--- The problem ---
Where the line containing "The Human Body" appears in the entries below, begin there and output every line through the last, exactly, minus the pictures.

--- Source material ---
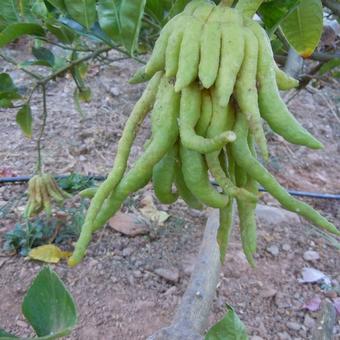 Citrus medica var. sarcodactylis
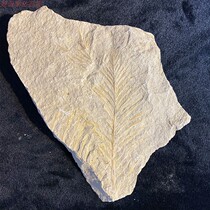 Liaoning branch plant fossil boutique Liaoxi Chaoyang original plate no fracture no repair collection ornamental first-hand goods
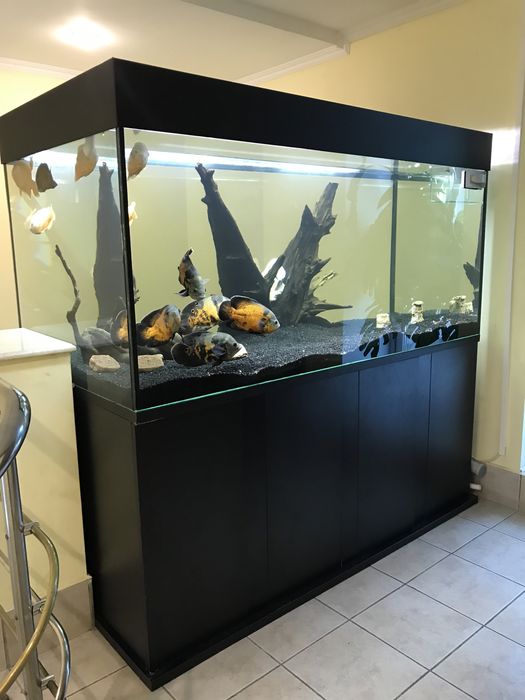 Изготовление аквариумов под ключ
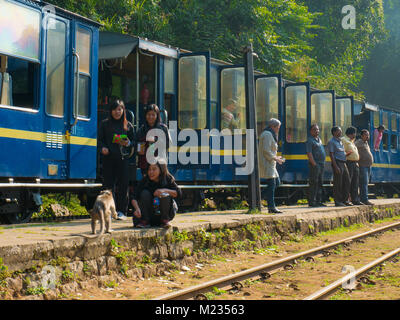 Ooty, Tamil Nadu. 01.08.2018. Mädchen feed Affen in Nilgiri, nahe dem Bahnhof, Tamil Nadu, Indien Stockfoto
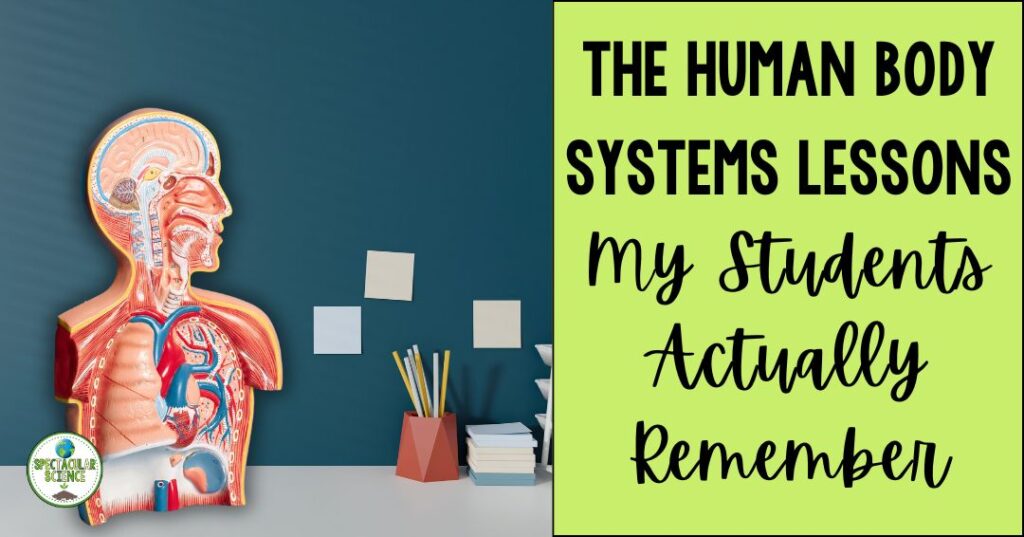 The Human Body Systems Lessons My Students Actually Remember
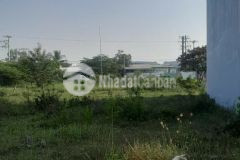 Bán nhanh 125m đất mt phan văn mảng tt bến lức, 3 tỷ 800 triệu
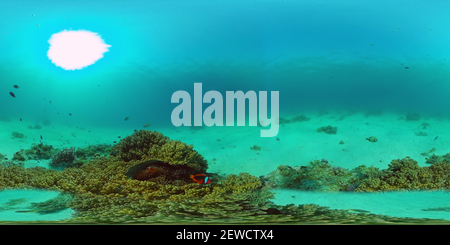 360 degree panoramic view of The underwater world of a coral reef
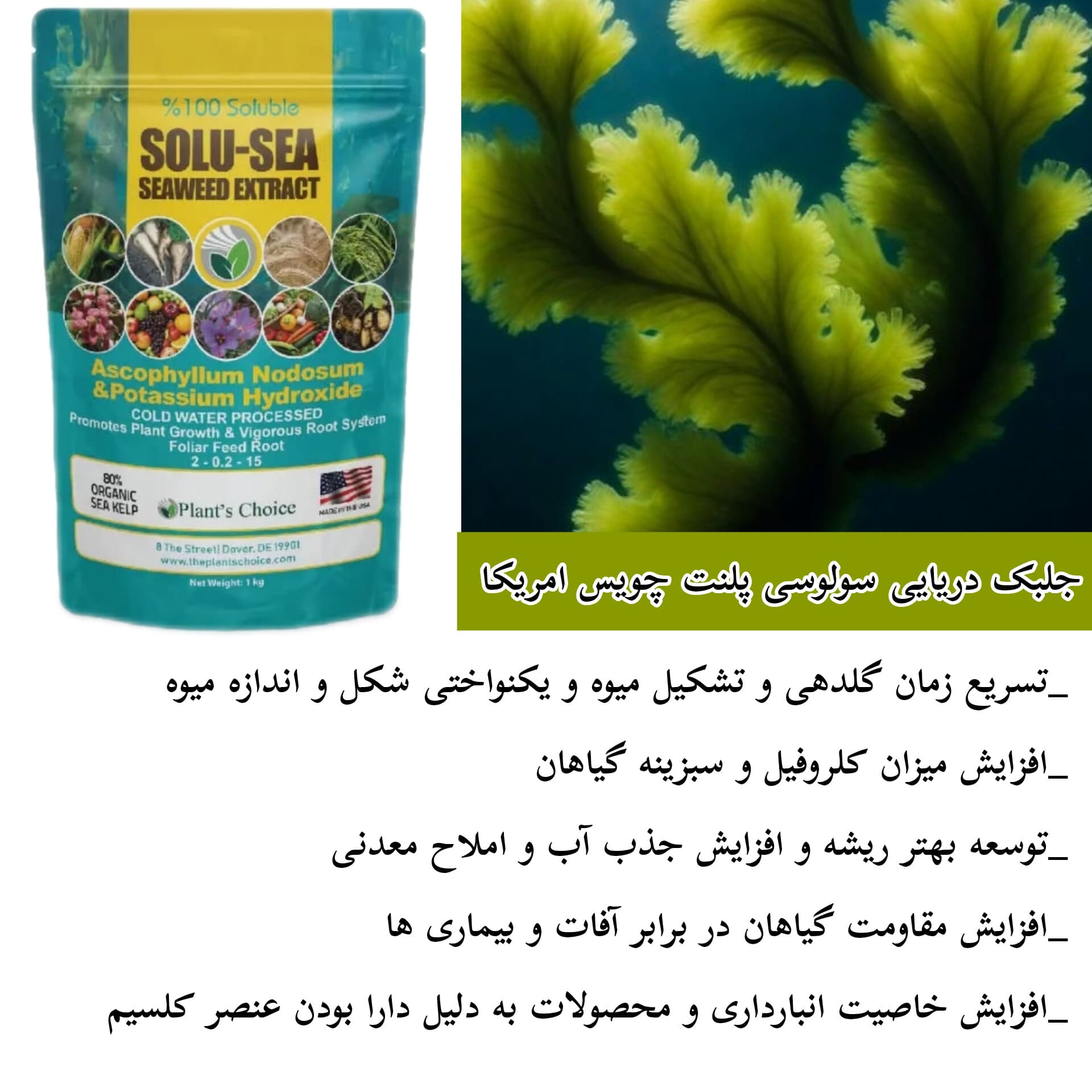 کود جلبک دریایی سولوسی پلنت گرومور آمریکا ۱ کیلویی — تصویر ۷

--- Answer section ---
 The Human Body Systems Lessons My Students Actually Remember
 Bán nhanh 125m đất mt phan văn mảng tt bến lức, 3 tỷ 800 triệu
 360 degree panoramic view of The underwater world of a coral reef
 کود جلبک دریایی سولوسی پلنت گرومور آمریکا ۱ کیلویی — تصویر ۷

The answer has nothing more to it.